Even then, however, the unrest did not end; it moved south. Just west of the Dead Sea stands a very high plateau known in antiquity as “the fortress,” in Hebrew metzadah, from which name it has long been called “Masada.” On this nearly invincible site a remnant of Jews held out against the Romans for three more years. In the end most of them finally preferred suicide to capture.
Nor did the fall of Masada finish Jewish nationalism and resistance to Rome. Early in the second century there were Jewish uprisings in Cyrene, Egypt, Cyprus, and the Fertile Crescent. Because those local revolts were put down by a Roman general called Lusius Quietus, they are jointly referred to as the Kitos War.
The final war between Rome and the Jews was waged during the years 132-136. The Jewish leader was Simon bar Kosiba, better known to history as “Bar Kokhba,” “son of the star.” Simon received this name from rabbis who believed his appearance in history fulfilled the prophecy in Numbers 24:17:
“A star shall emerge from Jacob, / A scepter will arise out of Israel.”
The great Akiva ben Joseph (40-137), an important contributor to the Mishnah and arguably the most venerated rabbi of the time, regarded Bar Kokhba as the Messiah.

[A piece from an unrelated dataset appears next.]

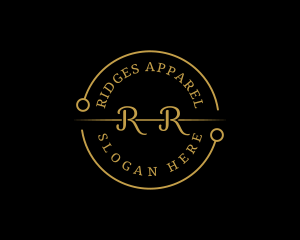 Professional Tailoring Boutique logo design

Subsequent to the failure of his revolt, however, rabbis took to calling him “Bar Kozeba,” “son of a lie.”
After Bar Kokhba a deep and darkening cloud fell over the Jews. Now deprived of their homeland, they lived wherever they could, guests wherever they went. Nor was this separation from the land, it seems, the worst form of their alienation. In the words of Yosef Hayim Yerushalmi,
“Three tremendous uprisings against Rome, all with eschatological overtones, had ended in disaster and disillusion.”
After so much historical disappointment, who could blame the Jews for abandoning their interest in history?
After centuries of interpreting the events of history, sheer disappointment forced the Jews finally to abandon the effort. As far as they could see, the
“biblical past was known, the messianic future assured; the in-between-time was obscure. . . . In the biblical period the meaning of specific historical events had been laid bare by the inner eye of prophecy, but that was no longer possible. If the rabbis were successors to the prophets, they did not themselves lay claim to prophecy” (Yerushalmi).
Thus, the people who bequeathed to mankind’s mental treasury the Deuteronomic History, the work of the Chronicler, the books of Ezra and Nehemiah, the sundry Maccabean annals, and the writings of Flavius Josephus—this people, quite abruptly, gave up all interest in history.
Inasmuch as the very notion of “religious history” was a product of Jewish experience, this phenomenon is extraordinary. It is a fact, nonetheless, that the rabbinical tradition, after the defeat of Bar Kokhba, became utterly a-historical in its attitude, interest, and methodology. The rabbis believed they had already learned what history had to teach them. During the next millennium and a half a Jew could—and many did—become a rabbi, a mystic, a poet, or a sage, but he wouldn’t dream of being a historian.